**Collected material:**
┄┄┄┄┄┄
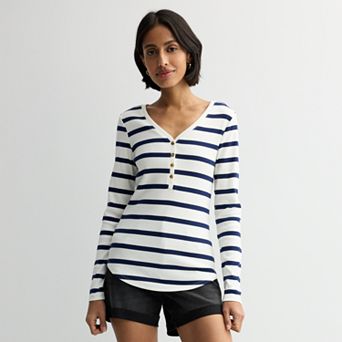 Women's Sonoma Goods For Life® Rib Long Sleeve Henley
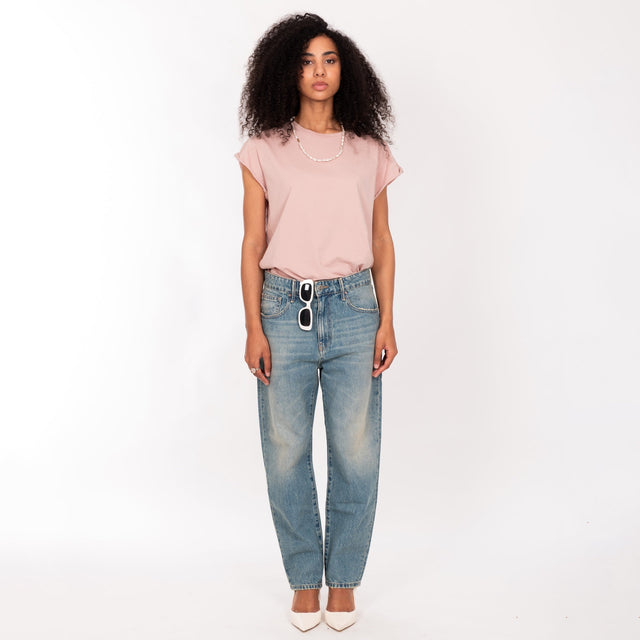 CREW NECK ROLLED UP S/S T-SHIRT - VINTAGE JERSEY - BOXY FIT - Bowery NYC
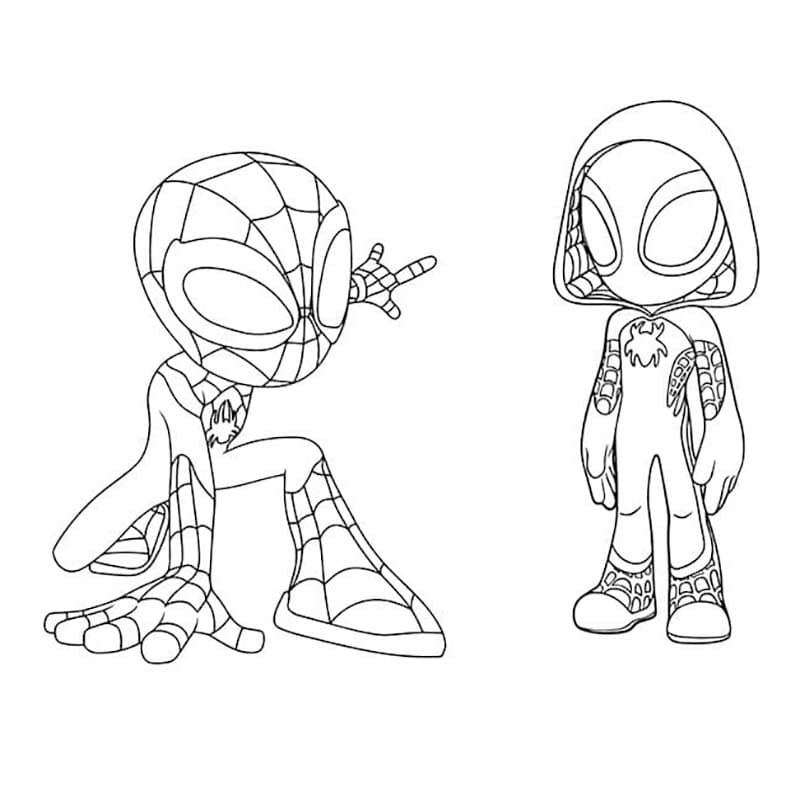 Fise de colorat cu Ghost Spider pentru copii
┄┄┄┄┄┄
**Task to complete:** Please write out the whole listing exactly, but not the pictures in it.

**Exercise solution:**
 Women's Sonoma Goods For Life® Rib Long Sleeve Henley
 CREW NECK ROLLED UP S/S T-SHIRT - VINTAGE JERSEY - BOXY FIT - Bowery NYC
 Fise de colorat cu Ghost Spider pentru copii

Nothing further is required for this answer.